You might want to check out Rat Rod Bikes forum, too. Lots of folks over there are doing amazing custom work and use Nexus  multi-speed internal hubs. Maybe they can shed some light on your shifting issues


----------



## chuzz (Apr 17, 2019)

Thanks, man. I got rid of the 2 speed Schwinn. Tires were more than I wanted to spend on it. Dude that bought it didn't want the fenders or chain guard. Anyone want them? If I can't figure out this shifter after I look at Rat Rod Bikes, I may do some customizing of my own to it. I really like this Esquire and may just put a regular derailer and a different wheel on it along with new cables. I THINK I can figure out how to do that.


----------



## Duchess (Apr 17, 2019)

Don't know that shifter, but Shimano's integrated brake/shifters cannot be put back together to work properly without at least some mystery special tool (and maybe not at all). I had read that ahead of time, but figured the warning was for dummies. Turns out, I'm one, too. Figures, I _would_ be the last to know.


----------



## chuzz (Apr 17, 2019)

I dunno, I don't really see any need for any specialty tools. The hub could use some snap ring pliers, but if you're good with a couple of small flat blade screwdrivers, that'll take care of the snap ring. If the warning is for dummies, count me in. Apparently I'm a dummy too!


----------



## piercer_99 (Apr 17, 2019)

I don't know if I can help or not, I have the SG-4C35 on my 48 Roadmaster, I do not know how close it is to the  SG-4R31.  

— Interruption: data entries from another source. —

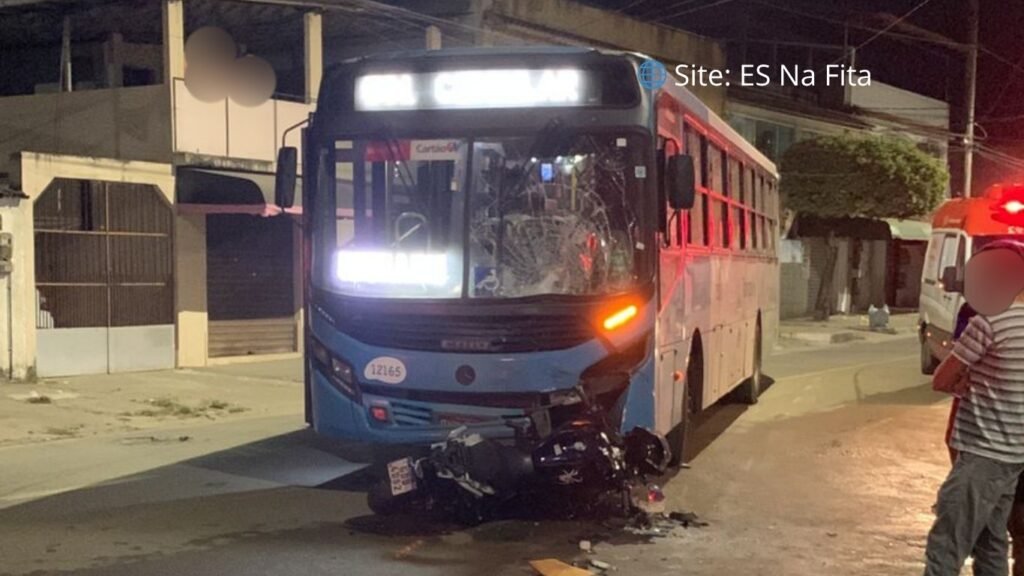 Dois jovens ficam feridos em acidente entre moto e ônibus do Transcol em Vila Velha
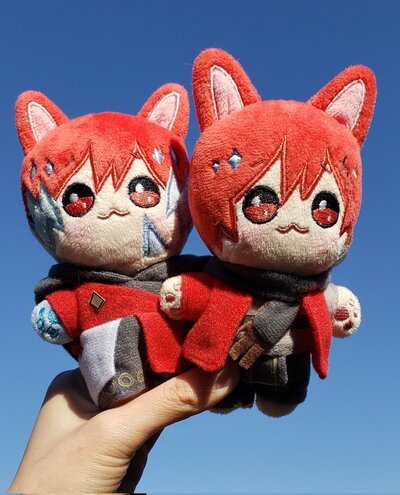 [IN STOCK] 15 cm FFXIV G'raha Tia Scion / G'raha Tia Crystal Exarch Keychain Plushie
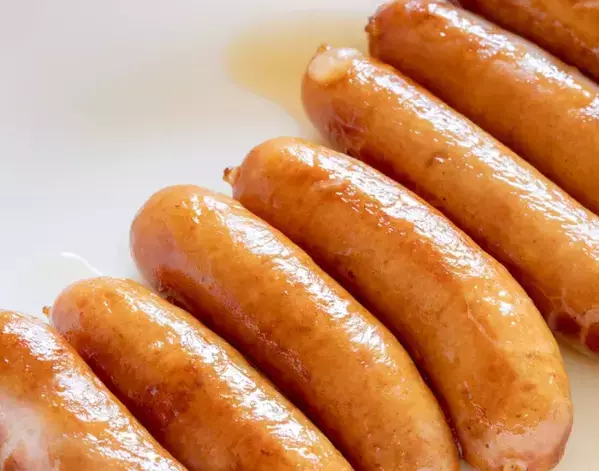 「もう火加減は見張らない」　冷たいウインナーを熱湯で『10分』放置する調理テク【ほったらかしレシピ4選】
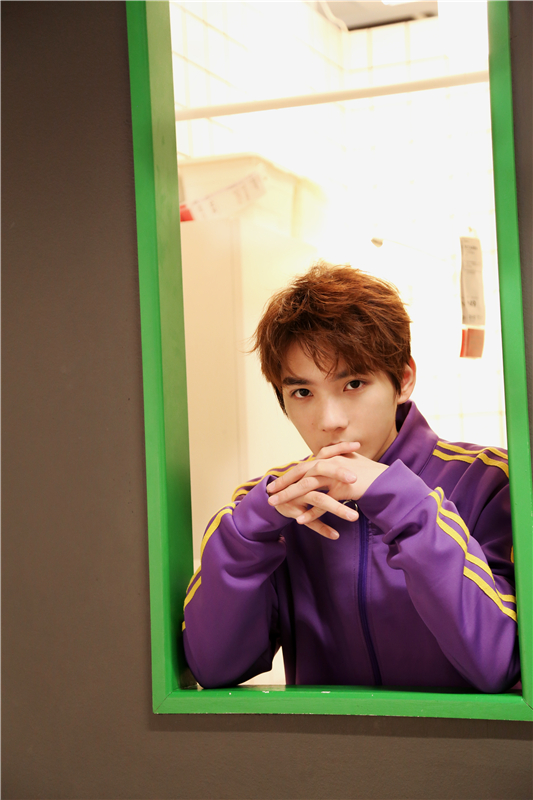 祁宋 男友力 近日,祁宋曝光了一组居家风写真,甜蜜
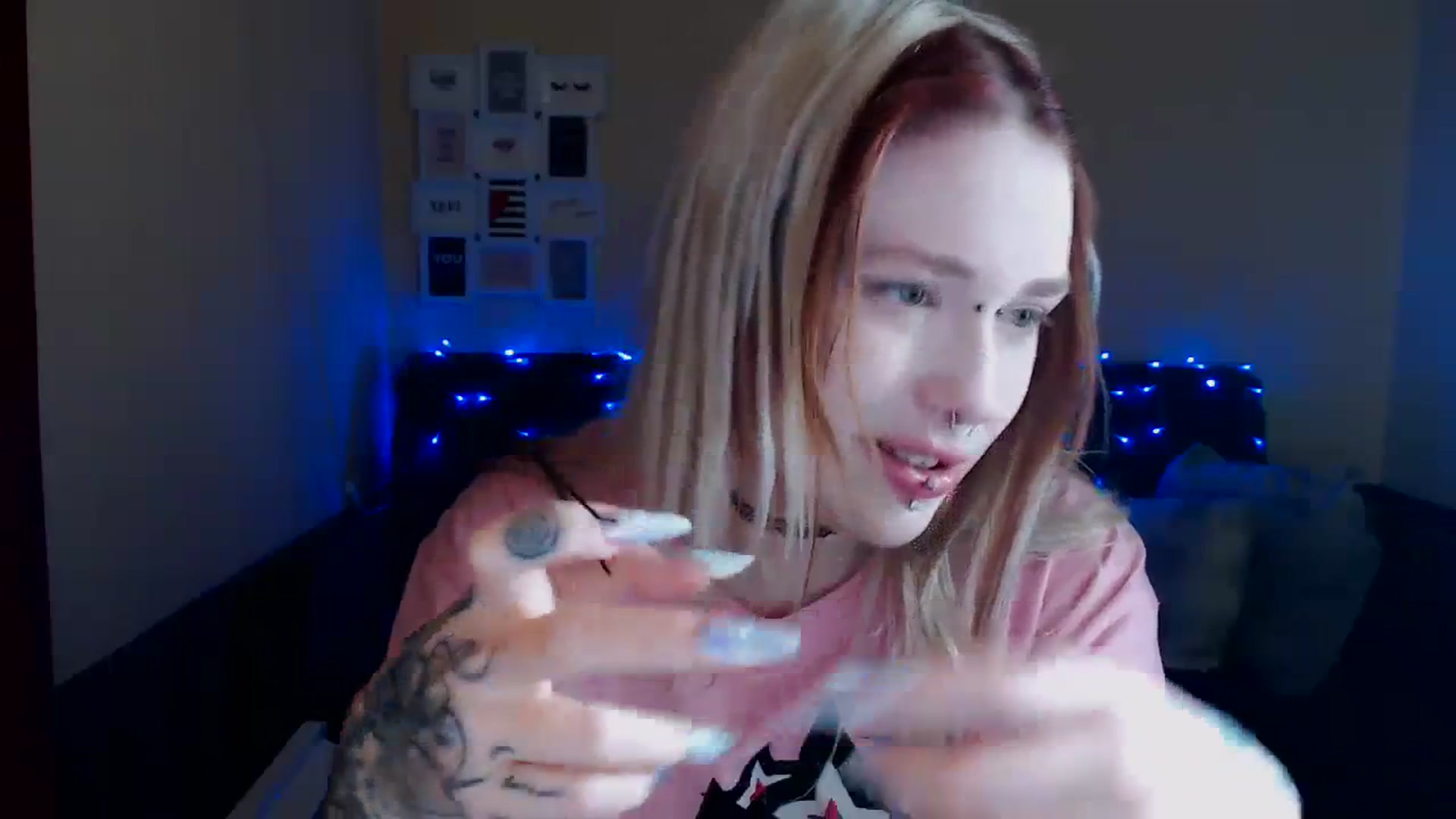 Gallery image thumbnail from Killinna's myfreecams stream on, 03/30/2024, 17:44 image 3 of 20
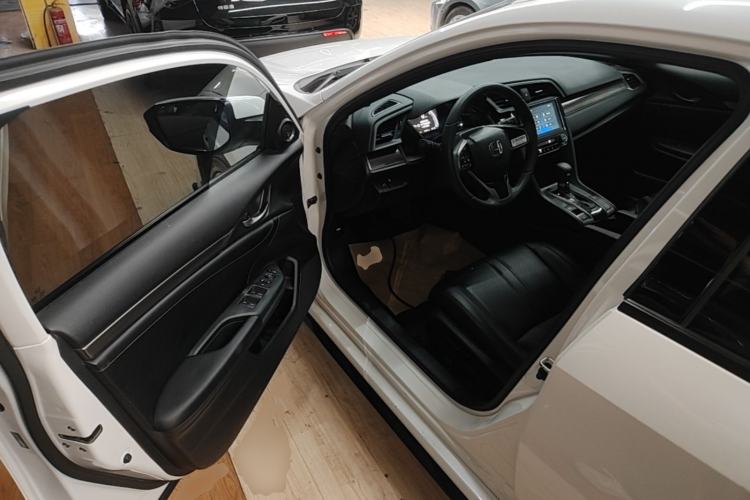 Used Honda Civic 2021 HATCHBACK 220TURBO CVT New Trendsetter Driver Seat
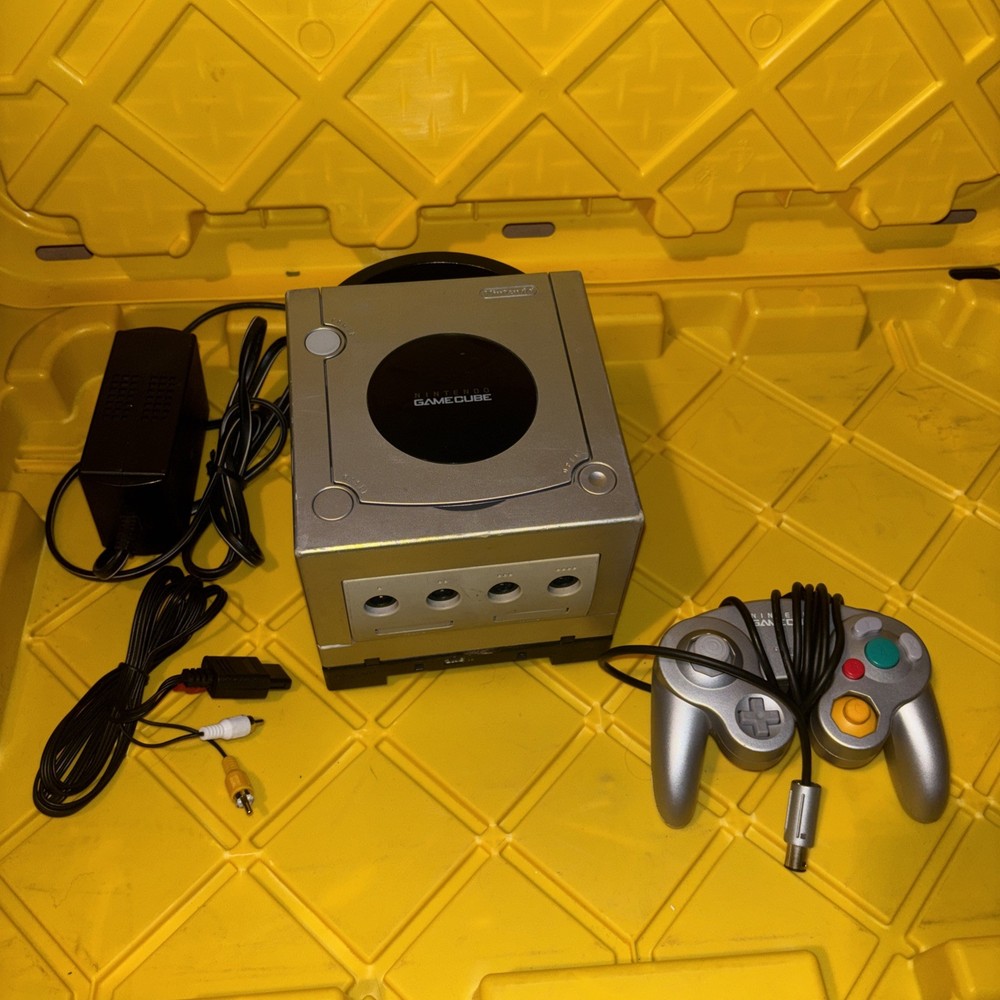 Nintendo GameCube Console DOL-101 Gameboy player Included no disk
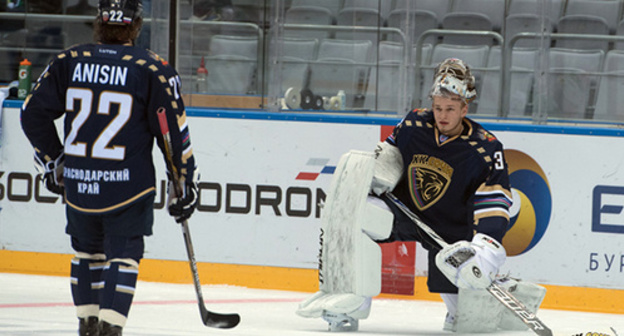 Игроки хоккейного клуба "Сочи". Фото: http://hcsochi.ru/media_show.asp?type=1&id=103#11

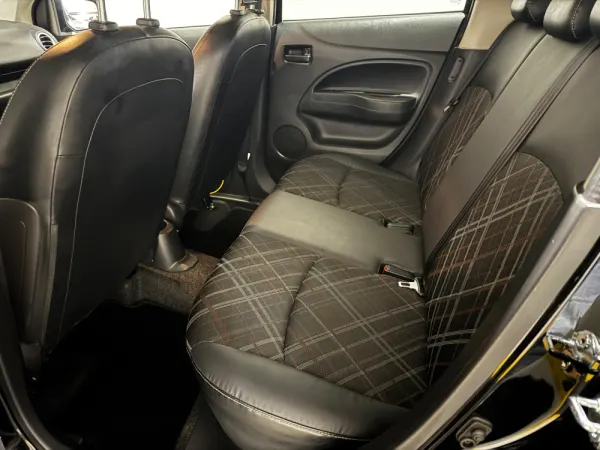 Mitsubishi Space Star 1.2 Intense CVT 47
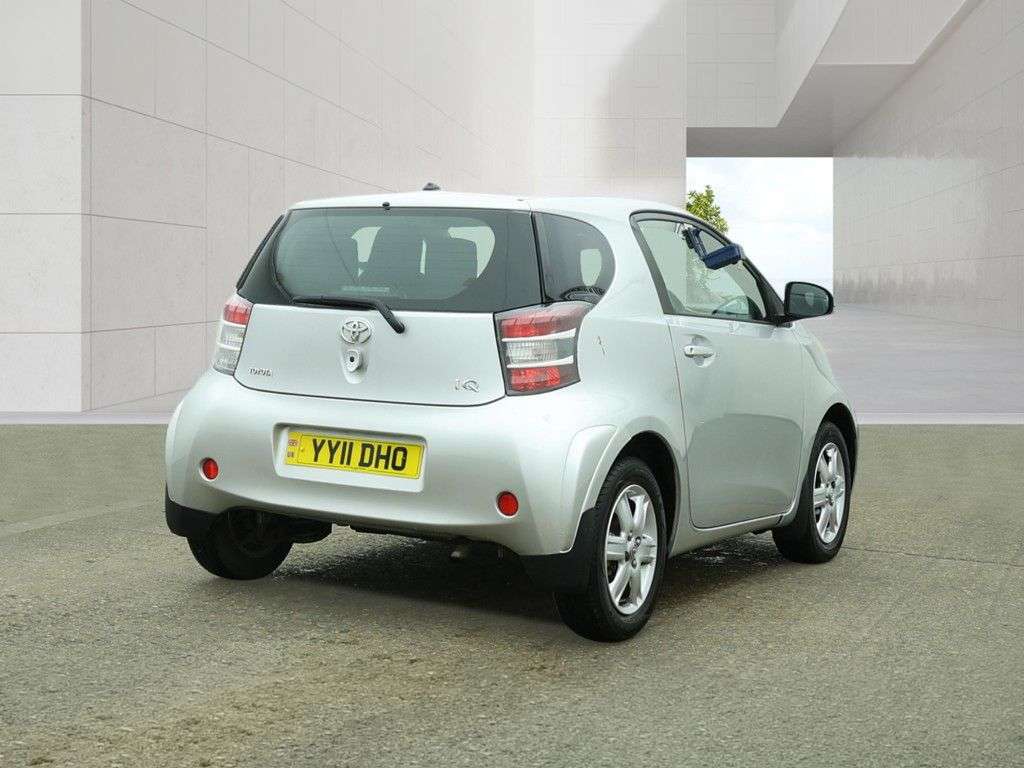 2011 TOYOTA IQ 2011 TOYOTA IQ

I am pretty sure the hub cartridge is the same, yours has a roller brake, mine is a coaster brake.

Either way, when you set and adjust the shifter or replace the cable, on the hub are two red lines, they are alignment points, they should be lined up when the hub is in 4th gear, then everything is downhill from there.

I believe the shifter that you are describing is the Shimano Nexus ST-4S20 shifter, if so, they don't make it anymore and it is kind of a unicorn to find.  
http://www.bikevintageparts.com/index.php?route=product/product&product_id=75 

If you check that link out, and it is what you have, then, at least you have the technical name for it to start your hunt with.

I would think though, that you could replace said shifter with the standard Nexus grip shift, which is what I have and they are readily available and easy to find.

Also, if you are describing it having a brake lever on the shifter, this Nexus Revo should work also.

https://www.thebikeshopstore.com/ca...MI-8mQmPjX4QIV3rfACh15igpzEAQYCCABEgKSGPD_BwE 


Here is a couple photo's of the alignment points, in fourth gear.










This is the standard Nexus 4 speed grip shift, rather simple to find.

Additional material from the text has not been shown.